A convicted murderer has said he "did not hesitate" to join the fight against the London Bridge knifeman in November.
Steven Gallant, 42, told how he started to tackle Usman Khan armed only with a chair during the attack which began at a nearby prisoner rehabilitation event.
Gallant, who was out on licence to attend the event, is serving a minimum of 17 years for killing ex-firefighter Barrie Jackson in Hull, 15 years ago.
Khan, who killed Saskia Jones and Jack Merritt, was later shot dead by police.
Three others were injured in the attack which began at Fishmongers' Hall on November 29.
Gallant is the last of three people who were filmed restraining Khan on the bridge to be identified.
In his first interview since what he called "that tragic day", Gallant said he went to investigate after he heard noises from a lower floor of the building.
"I could tell something was wrong and had to help," he told PA news agency.
"I saw injured people. Khan was stood in the foyer with two large knives in his hands."
"He was a clear danger to all, so I didn't hesitate."
Last month, civil servant Darryn Frost described how a man - now identified as Gallant - used a wooden chair to keep the knifeman at bay, before throwing it at Khan when he revealed his suicide belt, which was later shown to be fake.
Mr Frost said he then handed Gallant a narwhal tusk, which he had found on a nearby wall display, as Khan "started running towards him (Gallant) with knives raised above his head".
Gallant has offered "special thanks" to Mr Frost. "Had he not passed me the narwhal tusk at that crucial moment, not only could I have been killed, the situation could have been even worse," he said.
He also described reformed ex-prisoner John Crilly, who used a fire extinguisher to help subdue Khan, and a chef - known only as Lukasz - who was stabbed five times when he stepped in to help, as "extremely brave".
Gallant was jailed, alongside his accomplice James Gilligan, in 2005 for carrying out a fatal attack on 33-year-old former firefighter Mr Jackson.
During their trial, Hull Crown Court heard the attack was carried out because Gallant wrongly believed Mr Jackson had attacked his girlfriend.
"Nobody has the right to take another's life and I offer my sincere apologies to my victim's family for the hurt caused," Gallant said.
"I can never bring that life back, and it is right that I was handed a severe penalty for my actions.
"Once I'd accepted my punishment, I decided to seek help.
"When you go to prison, you lose control of your life. Your own future relies on the decisions of others.
"Bettering yourself becomes one of the few things you can do while reducing the existing burden on society."
Since going to prison, Gallant, who will be eligible for parole in 2022 subject to approval, has "vowed never to turn to violence again".
He has since learned to read and write, is studying for a business studies degree and was taking part in the Learning Together rehabilitation project, which was hosting the event at which Khan struck.

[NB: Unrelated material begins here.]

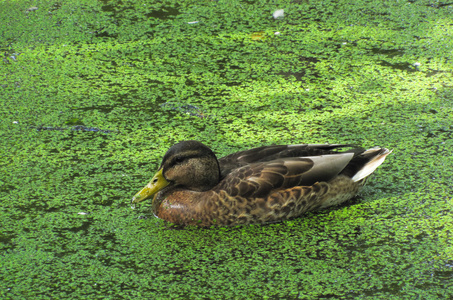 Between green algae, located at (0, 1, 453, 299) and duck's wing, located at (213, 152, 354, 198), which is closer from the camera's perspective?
green algae, located at (0, 1, 453, 299)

He said the deaths of course co-ordinators Mr Merritt, who he met in 2016, and Miss Jones were an "unbearable blow" and the "sense of loss is immense".
Gallant described Mr Merritt as a "role model and friend".
He said: "Jack didn't care who you were: he cared about you and your future; he saw who you could become and did not define you by your past. I will miss him badly."
Miss Jones, he said, was "highly respected and loved" by those involved with the course.
He added that he was "certain" the pair would wish for the Learning Together programme to continue.